I have a Lynskey Urbano frameset on order. 15/12 thru-axles. I'm having them leave off the decals, partially because I'm considering some accent paint and partially because I hate the name Urbano.

It's going to be built with SRAM S700 hydraulic brakes and probably SRAM Force derailleurs. SRM power meter. For the moment I have a Niner gravel wheelset that will do the trick.

This is going to be my foul weather/gravel bike, and I'm still a little uncertain of how much I'm going to like it after years of race-oriented road bikes.
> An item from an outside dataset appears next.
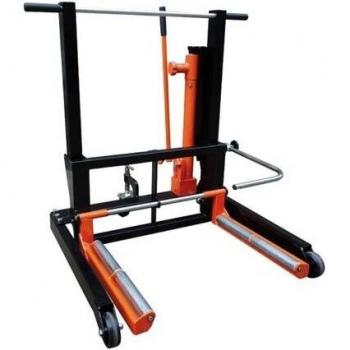 Bahco BH8AC3-500 - Gato Saca Ruedas 500Kg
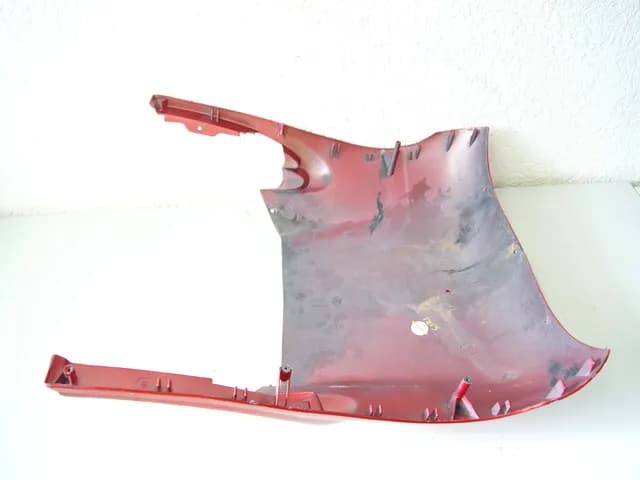 BENELLI VELVET 250 LC M7 VERKLEIDUNG BUG BUGSPOILER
It will certainly round out the quiver (this will make 8) considerably.


----------



## acg (Feb 13, 2011)

Alaska Mike said:


> I have a Lynskey Urbano frameset on order. 15/12 thru-axles. I'm having them leave off the decals, partially because I'm considering some accent paint and partially because I hate the name Urbano.
> 
> It's going to be built with SRAM S700 hydraulic brakes and probably SRAM Force derailleurs. SRM power meter. For the moment I have a Niner gravel wheelset that will do the trick.
> 
> This is going to be my foul weather/gravel bike, and I'm still a little uncertain of how much I'm going to like it after years of race-oriented road bikes. It will certainly round out the quiver (this will make 8) considerably.


Hi Mike,

I am considering the GR260 versus the Urbano. How are you liking your Urbano?


----------